◆ TASK STATEMENT: Copy every line of the records below that holds the word "Blue".

◆ Web page caption snippets:
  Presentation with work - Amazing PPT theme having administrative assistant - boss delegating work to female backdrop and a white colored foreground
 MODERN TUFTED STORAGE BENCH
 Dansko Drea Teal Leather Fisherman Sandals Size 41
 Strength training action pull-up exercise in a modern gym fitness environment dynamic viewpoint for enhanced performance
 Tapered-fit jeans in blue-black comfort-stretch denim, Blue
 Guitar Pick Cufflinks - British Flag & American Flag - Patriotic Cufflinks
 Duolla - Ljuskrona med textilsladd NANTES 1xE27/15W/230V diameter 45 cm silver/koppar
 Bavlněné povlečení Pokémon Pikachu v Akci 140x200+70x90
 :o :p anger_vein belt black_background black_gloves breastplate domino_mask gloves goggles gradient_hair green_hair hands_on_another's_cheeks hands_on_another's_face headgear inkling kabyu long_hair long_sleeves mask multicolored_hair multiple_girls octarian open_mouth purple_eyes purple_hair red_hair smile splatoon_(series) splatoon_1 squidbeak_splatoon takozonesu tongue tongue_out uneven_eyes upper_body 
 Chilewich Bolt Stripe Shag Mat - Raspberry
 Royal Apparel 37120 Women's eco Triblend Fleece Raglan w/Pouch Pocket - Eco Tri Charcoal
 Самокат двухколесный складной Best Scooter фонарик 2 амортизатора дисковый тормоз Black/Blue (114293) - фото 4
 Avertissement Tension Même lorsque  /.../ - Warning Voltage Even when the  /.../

◆ ANSWER SPACE:
 Tapered-fit jeans in blue-black comfort-stretch denim, Blue
 Самокат двухколесный складной Best Scooter фонарик 2 амортизатора дисковый тормоз Black/Blue (114293) - фото 4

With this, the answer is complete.